Signal Is Finally Bringing Its Secure Messaging To the Masses [Andy Greenberg]

Dated Feb 14, 2020; last modified on Mon, 05 Sep 2022

Signal Is Finally Bringing Its Secure Messaging To the Masses. Andy Greenberg. www.wired.com . it.slashdot.org . news.ycombinator.com . Feb 14, 2020.

Attracting the Masses

Brian Acton (WhatsApp cofounder) injected $50m into the Signal Foundation, allowing them to grow from 3 to 50 full-timers.

You’d think that at Signal’s dominance, getting $$$ shouldn’t be a problem. But VCs expect a multiple return and Signal doesn’t look like it will monetize soon.

Signal has added support for iPad, ephemeral images and video, downloadable customizable “stickers,” and emoji reactions.

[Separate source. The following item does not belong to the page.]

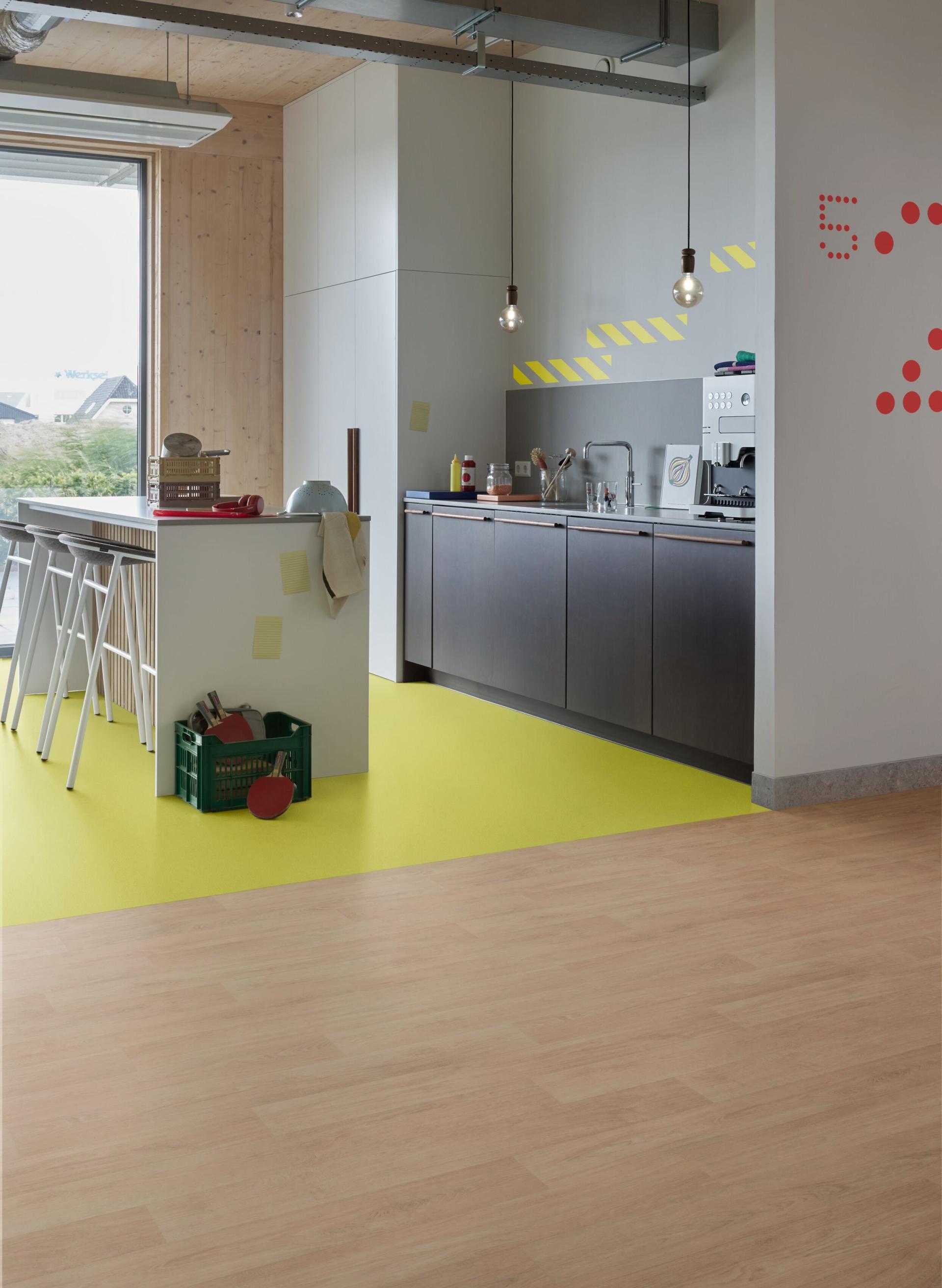 Modern kitchen showcasing Forbo's Modul’up flooring with vibrant yellow and wood finishes, highlighting refurbishment and design innovation.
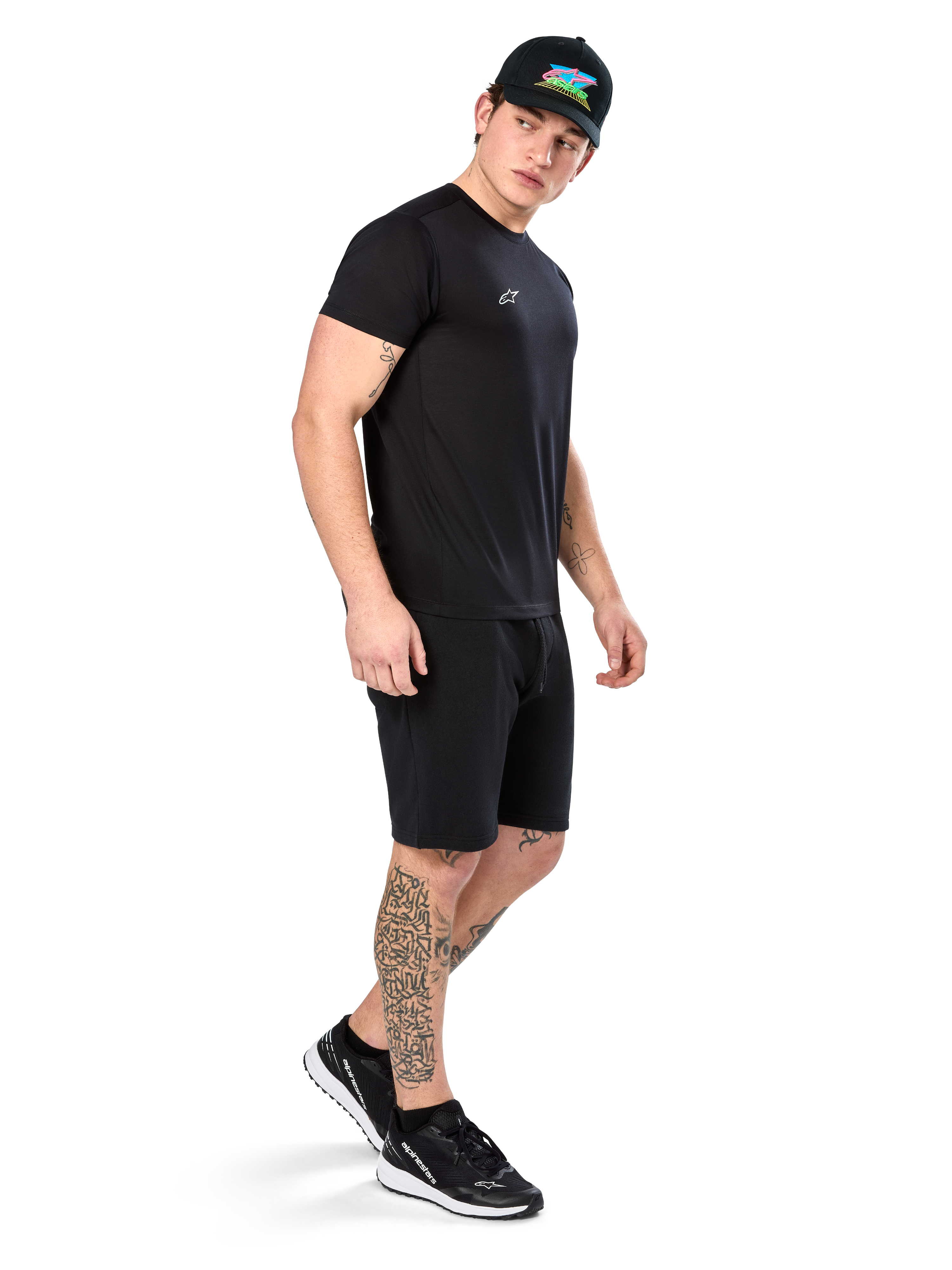 Hombre con tatuajes vistiendo la camiseta Alpinestars Point Performance, camiseta técnica negra de manga corta con un pequeño logo blanco, combinada con pantalones cortos negros, una gorra negra con gráfico colorido y zapatillas blancas y negras, estilo de vida deportivo casual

These features are meant to attract normal people.

It seems that people value convenience over security. Furthermore, good security - if done right - should be invisible. But then people won’t appreciate it. No wonder browsers result to blatant privacy-signalling, e.g. Intelligent Tracking Prevention has blocked XX trackers on this site! Same goes with Apple selling iPhones with privacy as a “feature”.

HN: Signal is still lagging in essential features, e.g. processing vCards, exporting/migrating chat history. Sometimes security hampers convenience, e.g. stripping metadata from photos.

Technical Hurdles

How complicated can downloadable customizable stickers be? Signal encrypts each sticker ‘pack’ with an encrypted key. The key is shared between users when a user wants to install new stickers on their phone. Signal’s server can’t identify the stickers, their creator nor their sender.

For group messaging, Signal teamed up with Microsoft Research. Signal uses anonymous credentials that let a server gatekeep group members without learning the members' identities.

Signal acknowledged the need for a non phone number identifier in 2014. The technical infrastructure isn’t there yet. Secure Value Recovery is being touted as a potential solution:

Secure Value Recovery

Allows users to create address books on a Signal server. The address book is encrypted with a key stored in the SGX secure enclave. The enclave is meant to hide certain data from the rest of the server’s OS.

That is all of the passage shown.